It is no myth that Lewis and Clark traveled from the eastern coast of North America to the west in order to fulfill Thomas Jefferson’s long awaited curiosity of the North American western land (2). It was already well known to the Euro-Americans that there were Natives in the west as well as an entire ocean (Pacific) where they did most of their trading through (2). Why Lewis and Clark entitled their trip a discovery, though there were already Natives in the west is unknown.

Lewis and Clark’s expedition began right after Thomas Jefferson the third president bought land in Louisiana, the Louisiana trade purchase. Jefferson wanted to know what the land in the west was like so he chose his secretary Meriwether Lewis to explore the west. Lewis was allowed to chose one co-captain, William Clark. Along with a group of military corps they traveled from the east coast to the west coast (3).

Throughout their journey both Lewis and Clark keep journals of their observations. Jefferson and the other Euro-Americans already knew there were going to be Native encounters as Lewis and Clark traveled west, “President Jefferson had specifically mentioned the need to make a friendly impression [to the Natives]” (5). The journals of Lewis and Clark consist of the journey itself such as the different problems they ran into with the weather, and conditions of the boats as well as the geography, climate, tribes, and the different types of animals that they seen (2).

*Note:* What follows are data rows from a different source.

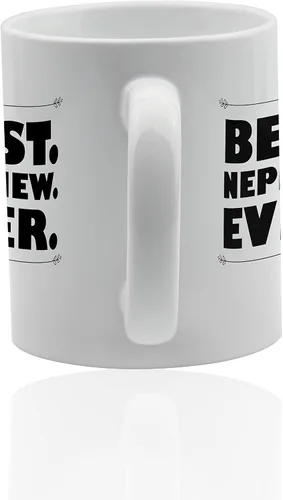 Vista 2 de Sobrino blanco taza de cerámica para café o té 11 onzas regalo taza.
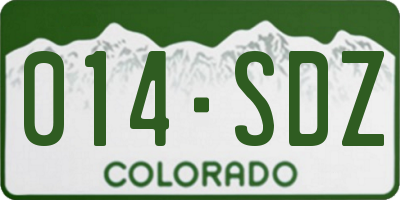 CO license plate 014SDZ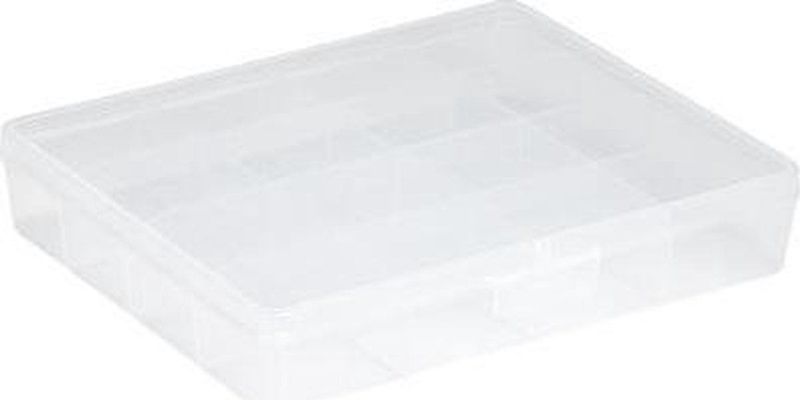 Sunware - Q-line opbergdoos 16 vaks transparant - 29,5 x 24,5 x 5,5 cm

The west wasn’t necessarily discovered by Lewis and Clark since there were already Natives over there but “The Americans, Lewis and Clark, had first explored the broad stretches of its middle waters” (1). To the Euro-Americans the Natives in the west were uncivilized and had no type of order with in the tribes, Lewis and Clark were “About to penetrate a country at least two thousand miles in width, on which the foot of civilized man had never trodden” on (4). The term discovery refers to the first “civilized” man in the west and not necessarily the first people in the west, the Natives.

Author: Jennifer Hoaglund

Bibliography:

(1) Bakeless, John. “Lewis and Clark”. New York. The Domain of Canada. 1947.

(2) “Following the Voyage of Discovery”. Farcountry Press. 2001. 29 October, 2009. http://www.lewisandclark.com/facts/faqs.html

(3) Johnson, Michael L. “Hunger for the Wild Americas Obsession with the Untamed West”. Kansas. The University Press of Kansas, 1992.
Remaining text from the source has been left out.